There's a breath of silence while Dean leans over to pop Sam's door; Sam sees him wince again as he stretches his arm out. Sam gets in, shatters silence when he slams the door. Dean's right. Dean's right; it's a goddamn shirt and it probably won't last long, anyway (not where they're headed). But Sam's had it with their charade, and tired of circling real conversation--real _anything_ \--like a vulture--again with the vultures!--so _this goddamn shirt_ had to take the fall.

When Dean pitches said shirt into the mess of the backseat and forgets about it, Sam neatly shifts his point of attack.

"The car was Dad's."

"Dad's dead." Ignition. Stall. Ignition. Roar. "It's not his anymore."

They drive. 

They drive with a reckless abandon that wasn't cultivated on inner city grids; the denizens of inner city Detroit don't take kindly to the intrusion, and Dean doesn't take kindly to the inner city, either.

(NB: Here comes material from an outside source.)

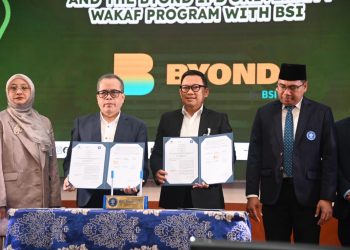 BSI dan IPB Perkuat Wakaf Produktif untuk Dukung Pendidikan Mahasiswa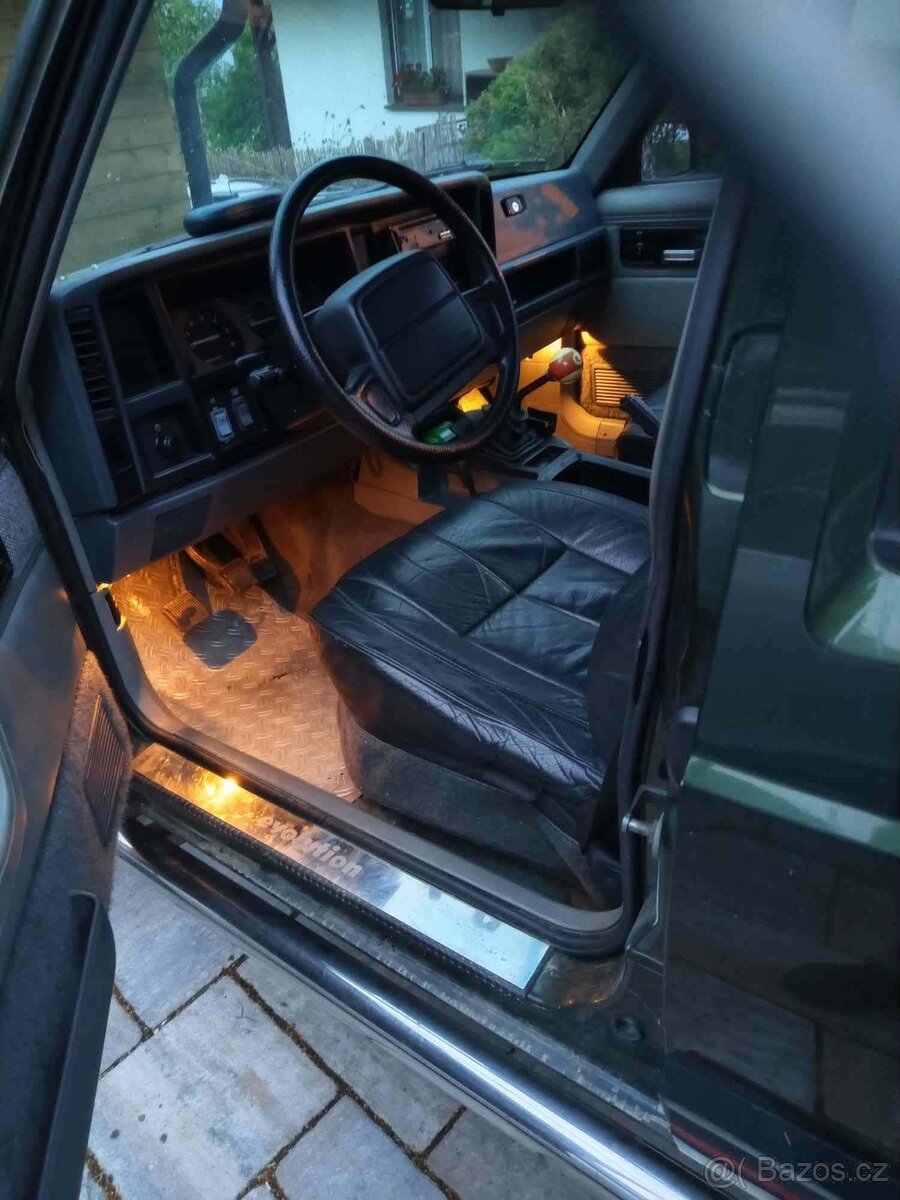 Jeep cherokee xj 2,5td 1995 - 4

 _Now who's aggro_ , Sam wants to say. But it's whiny and petulant and Sam's dead set on never being either. "We passed a place on Grand River Avenue," he says instead. It comes out in a jumbled rush, trampled by what he means to say next. "Dean--"

"No U-turns."

Sam ignores him. "Shut up and listen to me. We need to-- We're--we're not past... _that_ You don't just 'get past' something like that, and end up at some stupid thrift store like nothing happened. Listen to me; I'm serious. I--"

Dean flicks his gaze to Sam, then back to the red light in front of them. "We're past a lot of things, Sammy." He follows Sam's attention towards the steering wheel, his hands, and up his arms. "Case in point. This conversation expired a long fucking time ago." He tightens his grip on the wheel.

Sam's fingers itch with the memory of blood. He forces his eyes to Dean's face and not his arms. _Were you trying to--_ And maybe it's the catch of Sam's breath when he tries to inhale deep and slow and calm. Maybe it's what Dean sees when he glaces at himself in the rearview mirror. Sam doesn't need to finish asking; Dean answers. Kind of. Maybe. More or less.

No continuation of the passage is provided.